*** Extracted material

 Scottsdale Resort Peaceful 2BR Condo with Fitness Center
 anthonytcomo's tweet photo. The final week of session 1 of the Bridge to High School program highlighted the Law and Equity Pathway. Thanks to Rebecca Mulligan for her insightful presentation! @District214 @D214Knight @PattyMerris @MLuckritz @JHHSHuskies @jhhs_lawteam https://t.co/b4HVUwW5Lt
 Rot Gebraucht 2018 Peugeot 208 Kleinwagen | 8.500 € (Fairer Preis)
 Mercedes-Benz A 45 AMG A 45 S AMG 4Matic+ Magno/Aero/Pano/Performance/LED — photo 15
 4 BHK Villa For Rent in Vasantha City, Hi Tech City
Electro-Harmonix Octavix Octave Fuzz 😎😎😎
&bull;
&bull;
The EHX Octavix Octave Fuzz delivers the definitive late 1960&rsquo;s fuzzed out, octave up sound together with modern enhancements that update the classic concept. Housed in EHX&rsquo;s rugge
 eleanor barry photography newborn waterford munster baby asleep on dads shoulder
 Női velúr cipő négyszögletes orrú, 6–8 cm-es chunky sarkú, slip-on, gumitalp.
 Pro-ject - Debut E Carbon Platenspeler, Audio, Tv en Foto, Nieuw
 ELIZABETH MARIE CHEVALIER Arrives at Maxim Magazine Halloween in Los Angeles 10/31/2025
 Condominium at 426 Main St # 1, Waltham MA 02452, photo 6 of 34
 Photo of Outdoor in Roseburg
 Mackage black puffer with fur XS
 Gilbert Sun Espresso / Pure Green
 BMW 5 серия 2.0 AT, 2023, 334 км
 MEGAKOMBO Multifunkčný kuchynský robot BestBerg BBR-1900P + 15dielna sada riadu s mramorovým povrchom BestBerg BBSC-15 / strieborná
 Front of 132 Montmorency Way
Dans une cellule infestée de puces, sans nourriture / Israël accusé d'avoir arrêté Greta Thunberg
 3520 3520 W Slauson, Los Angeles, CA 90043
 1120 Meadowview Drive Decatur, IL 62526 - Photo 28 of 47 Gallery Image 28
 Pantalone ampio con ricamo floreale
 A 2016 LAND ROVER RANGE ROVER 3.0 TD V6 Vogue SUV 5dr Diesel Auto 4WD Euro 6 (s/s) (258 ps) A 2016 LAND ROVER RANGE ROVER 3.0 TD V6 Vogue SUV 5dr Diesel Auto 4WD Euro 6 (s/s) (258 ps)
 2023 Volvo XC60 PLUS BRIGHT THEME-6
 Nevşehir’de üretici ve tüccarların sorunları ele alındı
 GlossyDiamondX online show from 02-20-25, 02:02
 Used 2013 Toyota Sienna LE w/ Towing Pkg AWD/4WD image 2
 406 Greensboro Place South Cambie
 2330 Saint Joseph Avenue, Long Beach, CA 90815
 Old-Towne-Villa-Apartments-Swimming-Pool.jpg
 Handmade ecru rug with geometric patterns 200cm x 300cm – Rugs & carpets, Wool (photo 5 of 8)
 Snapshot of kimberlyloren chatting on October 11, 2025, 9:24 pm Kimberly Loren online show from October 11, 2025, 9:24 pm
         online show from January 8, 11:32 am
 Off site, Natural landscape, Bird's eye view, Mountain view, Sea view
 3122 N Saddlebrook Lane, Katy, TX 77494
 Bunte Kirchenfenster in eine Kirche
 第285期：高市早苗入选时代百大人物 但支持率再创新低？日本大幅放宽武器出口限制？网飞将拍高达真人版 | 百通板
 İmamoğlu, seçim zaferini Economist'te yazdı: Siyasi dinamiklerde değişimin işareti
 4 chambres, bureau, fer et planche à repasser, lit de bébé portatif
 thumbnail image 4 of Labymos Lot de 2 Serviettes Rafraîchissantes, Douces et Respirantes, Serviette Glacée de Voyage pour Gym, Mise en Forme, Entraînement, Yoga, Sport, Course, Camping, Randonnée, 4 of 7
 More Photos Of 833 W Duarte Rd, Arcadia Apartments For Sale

******

Required action: Only the lines with the string "Apartments" are wanted; pick them out of the records above and copy them.

Final answer:
 Old-Towne-Villa-Apartments-Swimming-Pool.jpg
 More Photos Of 833 W Duarte Rd, Arcadia Apartments For Sale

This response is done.